All I know is that once upon a time they all used to look like Lou Gehrig or Joe DiMaggio or Mickey Mantle or Whitey Ford or Reggie Jackson or Don Mattingly or Derek Jeter. Guys who didn’t exactly have lithe Olympic-swimmer bodies but who at least seemed to have the ability to show restraint when they ate.

When I played softball as a kid we’d make fun of a kid named Brendan McCran, who had portly tendencies. We used to call him “the fatter batter.” This wouldn’t happen today because Brendan-sized kids and professional players have become the norm.

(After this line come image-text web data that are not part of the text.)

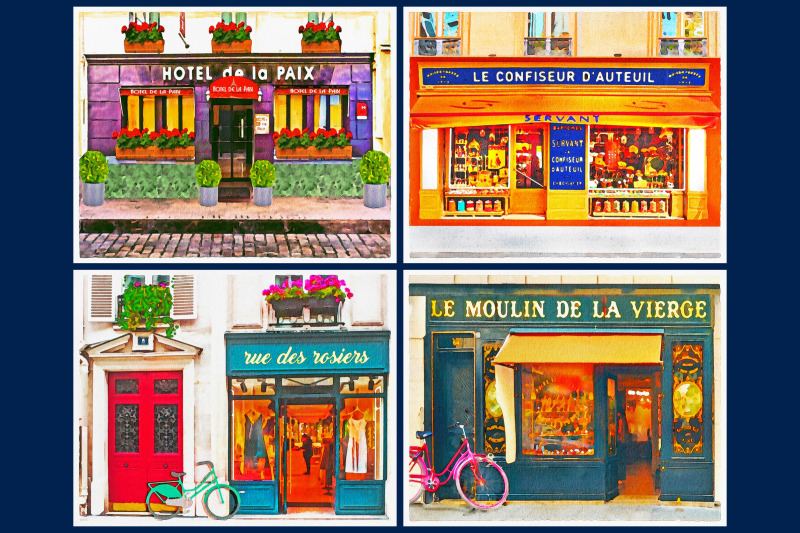 parisian-shops-watercolor-backgrounds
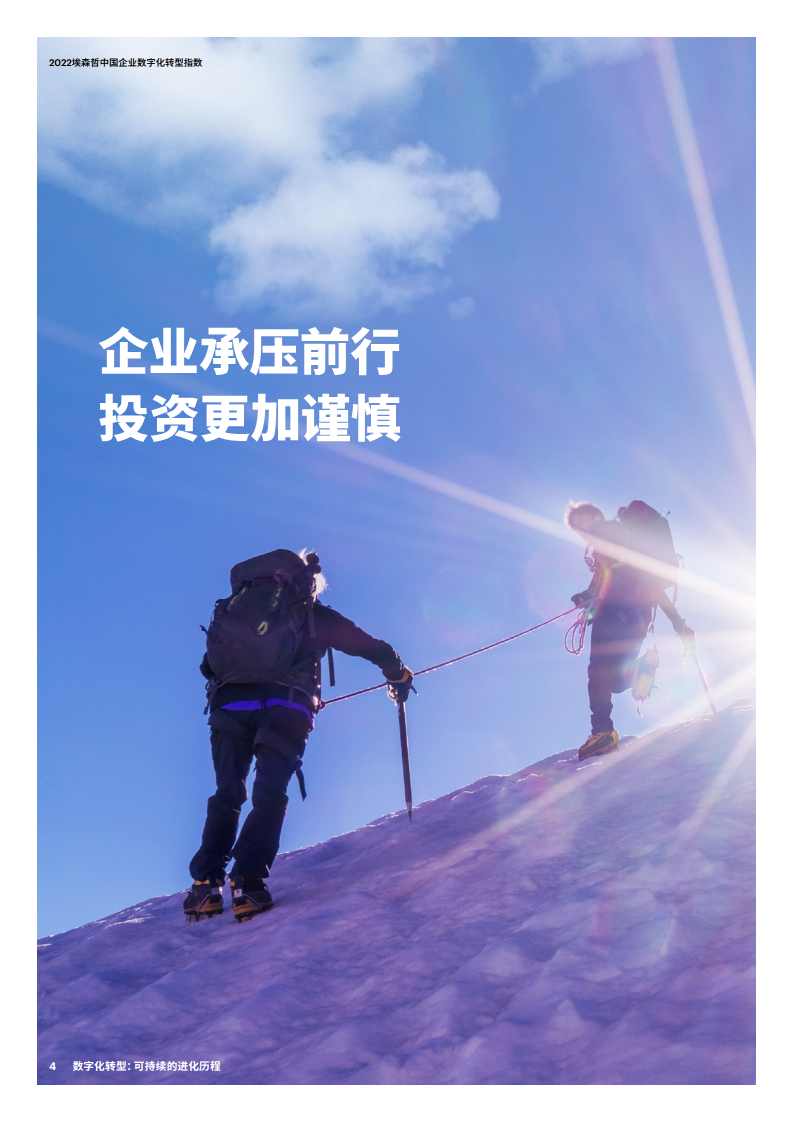 2022埃森哲中国企业数字化转型指数：数字化转型：可持续的进化历程图片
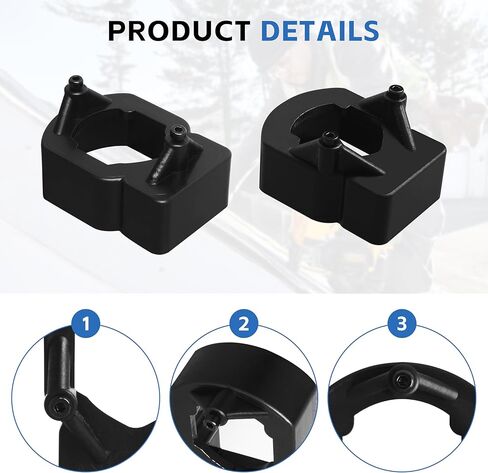 2025Upgraded version DCN45RN Vinyl Siding Adaptor Tip for Dewalt 20v Roofing Nailer Cordless DCN45RNB, DCN45RND1, DCN45RN (A&B style)2 Pack in Kuwait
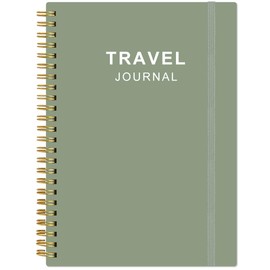 Travel Journal - Vacation & Road Trip Planner Organizer, Travel Notebook for 6 Trips, Trip Planner Gift to Record Memories and Adventures from Special Trips, 5.8" x 8.5", Green
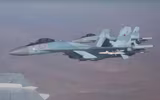 [ẢNH] Không kiêng nể, Su-35 Nga bắn thẳng vào máy bay không người lái Israel tại Syria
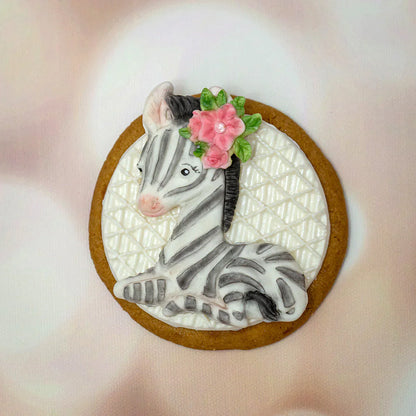 Moule en silicone Zèbre Doux Safari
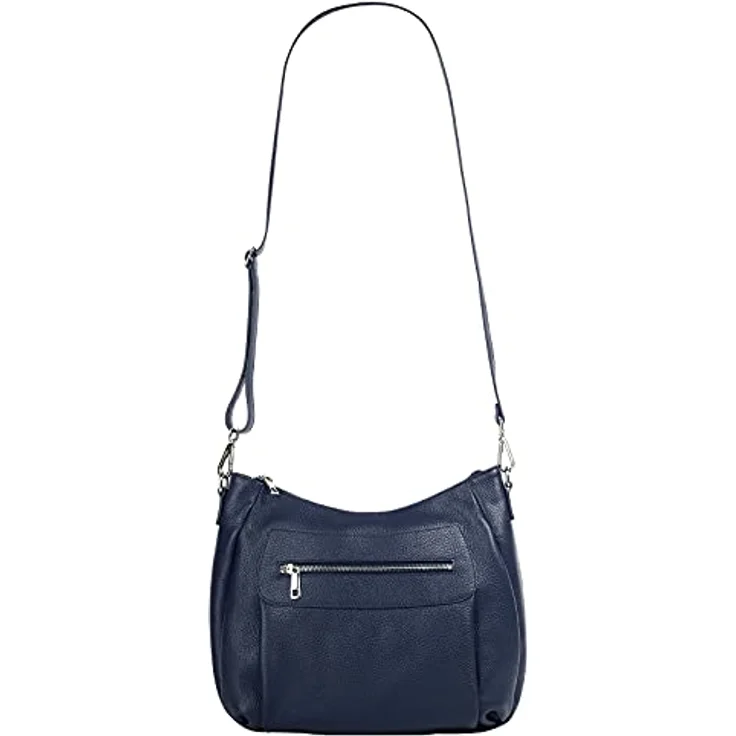 Samantha Look Umhängetasche, echt Leder, Made in Italy, mattes Finish, 7 Zoll Smartphonefach, braun – Bild 7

It’s the culture and the fatty foods out there, of course, and the fact that most American males are fat or least seriously beefy-looking. Outside of aesthetes and fat-recoil types like myself we’ve all come to accept bulk and girth as the social/cultural norm, and bit by bit this has crept into professional baseball culture, and now it’s almost gotten to a stage in which the average player looks like early-SCTV-era John Candy or Dan Blocker (i.e., “Hoss”) from Bonanza.


John Goodman as Babe Ruth

It takes a non-baseball fan like myself, a guy who might go to a game every two or three years (I love sitting alongside the third- or first-base lines and smelling the earth and the damp grass) and who only watches baseball games during the World Series to stand and notice stuff like this. The regular fans don’t say anything about lardbucket players because they’ve slowly been conditioned and made the adjustment. But I remember and I know. Baseball players used to be guys who looked like they were in some kind of shape. Obviously Alex Rodriguez looks fine, but you’ve got tons of barrel-gut types out on the diamond these days. You can’t tell me I’m wrong.

Side-issue: I also don’t like the way everyone seems to have dropped the high-sock, calf-leg, knee-britches thing that baseball players wore for decades. Now they just wear these droopy, dopey-looking pants that look like pajama bottoms. What are they going for, comfort? No flair or sense of style. (Again — this is from someone who doesn’t watch baseball all that much. I realize this has been more or less the norm for years.)